ANALYSE. Le président congolais a nommé Pacifique Kahasha Birindwa pour piloter l’ambitieux projet de « Couloir vert Kivu-Kinshasa ». Une stratégie autant écologique que politique pour la « solution pays ».

C’est une ordonnance lue dans le calme des studios de la RTNC, ce mercredi 25 mars, qui a officialisé la manœuvre. Félix Tshisekedi, le président de la République démocratique du Congo (RDC), vient de placer un homme de confiance, Pacifique Kahasha Birindwa, à la tête d’un chantier colossal : le « Couloir vert Kivu-Kinshasa ». Sous ce titre aux accents de manifeste écologiste se cache l’un des piliers de la diplomatie climatique que Kinshasa entend imposer sur l’échiquier mondial.

Relier l’Est à l’Ouest par la canopée

Le projet est d’une ambition presque démesurée. Il s’agit de créer un immense espace de protection écologique reliant les montagnes du Kivu aux rives du fleuve Congo à Kinshasa.

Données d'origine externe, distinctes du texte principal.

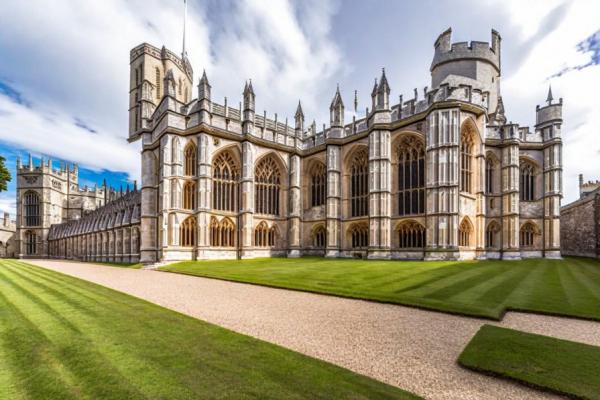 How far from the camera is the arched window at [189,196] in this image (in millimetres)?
24031

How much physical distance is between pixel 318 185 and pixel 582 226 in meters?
28.6

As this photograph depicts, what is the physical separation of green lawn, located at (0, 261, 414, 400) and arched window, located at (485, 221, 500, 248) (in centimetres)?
2771

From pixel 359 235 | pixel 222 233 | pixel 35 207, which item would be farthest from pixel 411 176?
pixel 35 207

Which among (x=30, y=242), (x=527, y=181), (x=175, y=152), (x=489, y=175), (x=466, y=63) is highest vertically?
(x=466, y=63)

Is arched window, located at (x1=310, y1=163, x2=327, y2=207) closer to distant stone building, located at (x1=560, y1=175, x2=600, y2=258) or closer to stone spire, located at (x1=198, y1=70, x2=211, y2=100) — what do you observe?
stone spire, located at (x1=198, y1=70, x2=211, y2=100)

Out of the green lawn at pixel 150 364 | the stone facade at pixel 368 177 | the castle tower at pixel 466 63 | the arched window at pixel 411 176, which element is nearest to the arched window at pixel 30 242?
the stone facade at pixel 368 177

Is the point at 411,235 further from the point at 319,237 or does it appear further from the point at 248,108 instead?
the point at 248,108

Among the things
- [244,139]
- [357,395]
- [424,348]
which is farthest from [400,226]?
[357,395]

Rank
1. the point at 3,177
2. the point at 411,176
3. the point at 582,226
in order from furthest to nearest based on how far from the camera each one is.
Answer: the point at 582,226
the point at 411,176
the point at 3,177

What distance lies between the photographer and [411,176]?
2380 centimetres

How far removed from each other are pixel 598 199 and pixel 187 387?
38.7m

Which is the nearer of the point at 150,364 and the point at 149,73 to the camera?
the point at 150,364

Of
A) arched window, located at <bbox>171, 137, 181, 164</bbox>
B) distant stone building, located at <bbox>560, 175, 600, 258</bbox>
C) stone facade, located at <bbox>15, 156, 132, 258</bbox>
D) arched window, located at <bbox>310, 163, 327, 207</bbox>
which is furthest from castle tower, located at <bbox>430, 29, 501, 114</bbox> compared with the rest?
stone facade, located at <bbox>15, 156, 132, 258</bbox>

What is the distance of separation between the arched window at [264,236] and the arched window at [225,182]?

L’objectif ? Sanctuariser les forêts tropicales le long de cet axe stratégique, restaurer les écosystèmes déjà dégradés et freiner drastiquement la déforestation.

Mais ne vous y trompez pas : à Kinshasa, l’écologie n’est plus une simple affaire de préservation de la biodiversité. C’est un levier de souveraineté. En se positionnant comme « pays solution » face au réchauffement climatique, la RDC de Tshisekedi cherche à monnayer son immense capital vert auprès d’une communauté internationale en quête de crédits carbone.

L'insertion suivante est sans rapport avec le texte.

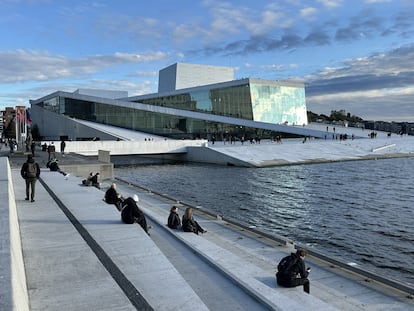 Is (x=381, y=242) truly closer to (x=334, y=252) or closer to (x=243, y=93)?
(x=334, y=252)

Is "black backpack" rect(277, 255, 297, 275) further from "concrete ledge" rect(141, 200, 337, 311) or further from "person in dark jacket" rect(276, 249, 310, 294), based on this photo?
"concrete ledge" rect(141, 200, 337, 311)

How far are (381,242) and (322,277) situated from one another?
4652 mm

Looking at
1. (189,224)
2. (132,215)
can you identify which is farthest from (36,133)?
(132,215)

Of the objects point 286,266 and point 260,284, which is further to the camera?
point 286,266

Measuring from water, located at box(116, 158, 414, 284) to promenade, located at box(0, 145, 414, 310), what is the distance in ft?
7.82

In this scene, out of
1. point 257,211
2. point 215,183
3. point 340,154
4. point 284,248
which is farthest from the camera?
point 340,154

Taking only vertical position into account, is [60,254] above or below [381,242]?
above

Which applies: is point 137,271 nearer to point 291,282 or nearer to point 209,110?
point 291,282

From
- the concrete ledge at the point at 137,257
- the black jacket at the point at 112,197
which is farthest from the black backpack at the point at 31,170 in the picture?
the black jacket at the point at 112,197

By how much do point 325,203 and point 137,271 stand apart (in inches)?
542

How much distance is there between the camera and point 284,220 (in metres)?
15.0

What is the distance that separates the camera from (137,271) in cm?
571

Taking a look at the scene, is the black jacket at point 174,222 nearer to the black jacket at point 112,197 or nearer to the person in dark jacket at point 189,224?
the person in dark jacket at point 189,224

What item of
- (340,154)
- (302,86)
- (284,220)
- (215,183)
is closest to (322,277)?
(284,220) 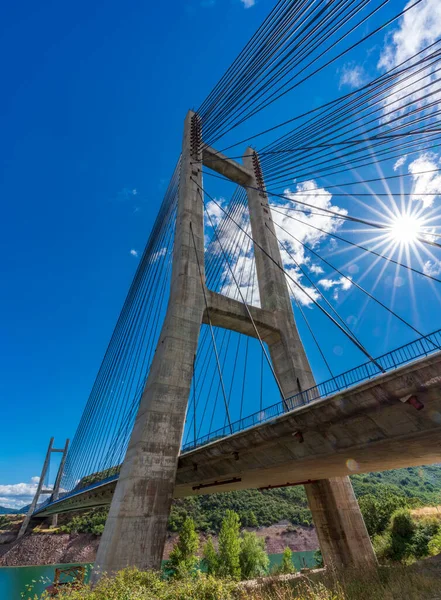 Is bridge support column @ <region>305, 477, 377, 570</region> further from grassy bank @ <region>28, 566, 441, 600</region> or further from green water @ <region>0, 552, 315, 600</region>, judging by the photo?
green water @ <region>0, 552, 315, 600</region>

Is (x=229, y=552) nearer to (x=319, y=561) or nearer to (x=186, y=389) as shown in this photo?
(x=319, y=561)

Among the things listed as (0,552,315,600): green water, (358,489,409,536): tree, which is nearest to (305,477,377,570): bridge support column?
(358,489,409,536): tree

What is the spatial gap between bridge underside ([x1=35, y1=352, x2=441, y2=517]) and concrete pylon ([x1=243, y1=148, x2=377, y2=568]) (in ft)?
4.34

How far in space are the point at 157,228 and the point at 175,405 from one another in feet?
51.5

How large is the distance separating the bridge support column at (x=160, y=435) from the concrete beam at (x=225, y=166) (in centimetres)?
721

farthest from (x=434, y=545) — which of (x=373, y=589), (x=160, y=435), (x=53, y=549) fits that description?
(x=53, y=549)

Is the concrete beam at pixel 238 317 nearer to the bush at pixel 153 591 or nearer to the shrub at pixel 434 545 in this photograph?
the bush at pixel 153 591

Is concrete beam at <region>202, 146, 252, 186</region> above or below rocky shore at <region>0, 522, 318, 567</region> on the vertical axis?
above

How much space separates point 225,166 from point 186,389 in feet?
58.2

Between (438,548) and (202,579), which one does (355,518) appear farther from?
(202,579)

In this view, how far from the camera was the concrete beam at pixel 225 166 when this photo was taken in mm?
23047

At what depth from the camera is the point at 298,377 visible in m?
16.6

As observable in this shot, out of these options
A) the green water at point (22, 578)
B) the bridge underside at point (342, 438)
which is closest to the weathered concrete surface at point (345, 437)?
the bridge underside at point (342, 438)

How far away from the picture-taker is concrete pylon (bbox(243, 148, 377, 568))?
13.3 m
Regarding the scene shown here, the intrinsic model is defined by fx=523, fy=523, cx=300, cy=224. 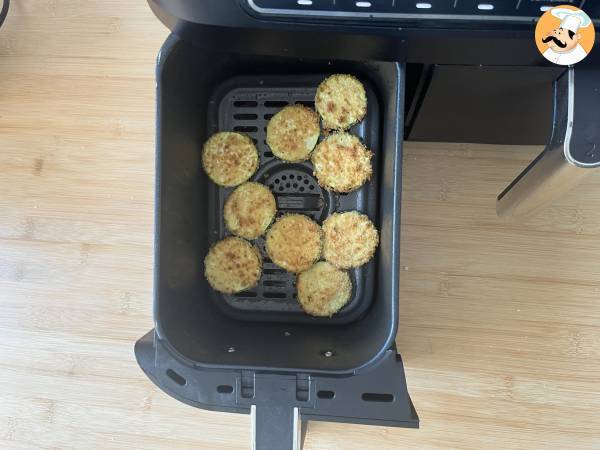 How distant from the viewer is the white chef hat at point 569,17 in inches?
16.0

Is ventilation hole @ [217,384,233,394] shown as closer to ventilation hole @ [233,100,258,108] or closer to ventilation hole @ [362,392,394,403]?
ventilation hole @ [362,392,394,403]

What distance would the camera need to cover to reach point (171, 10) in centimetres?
44

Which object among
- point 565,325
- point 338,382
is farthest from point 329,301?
point 565,325

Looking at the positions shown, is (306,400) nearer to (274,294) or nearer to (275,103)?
(274,294)

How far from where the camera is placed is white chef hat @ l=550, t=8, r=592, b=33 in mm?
406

Concilier le climat et le quotidien

L’enjeu pour Pacifique Kahasha Birindwa, le nouveau conseiller spécial, sera de transformer cette vision en réalité concrète pour des populations rurales souvent oubliées. Le projet promet :

  • La promotion d’une agriculture durable ;
  • Le développement d’activités économiques écoresponsables ;
  • L’amélioration des conditions de vie dans des zones marquées par la pauvreté et l’insécurité chronique.

Un défi de gouvernance

La réussite de ce « Couloir vert » repose désormais sur la capacité de la présidence à coordonner une mise en œuvre qui s’annonce complexe. Entre les impératifs de protection de la nature et l’urgence de développement économique, la ligne de crête est étroite. En nommant un conseiller spécial dédié, Félix Tshisekedi affiche sa volonté de court-circuiter les lourdeurs administratives pour faire de ce projet la vitrine de son second mandat.

Reste une question : ce couloir sera-t-il le moteur de la renaissance rurale attendue, ou restera-t-il une simple ligne verte sur une carte ministérielle ? L’avenir de l’équilibre climatique mondial dépend, en partie, de la réponse.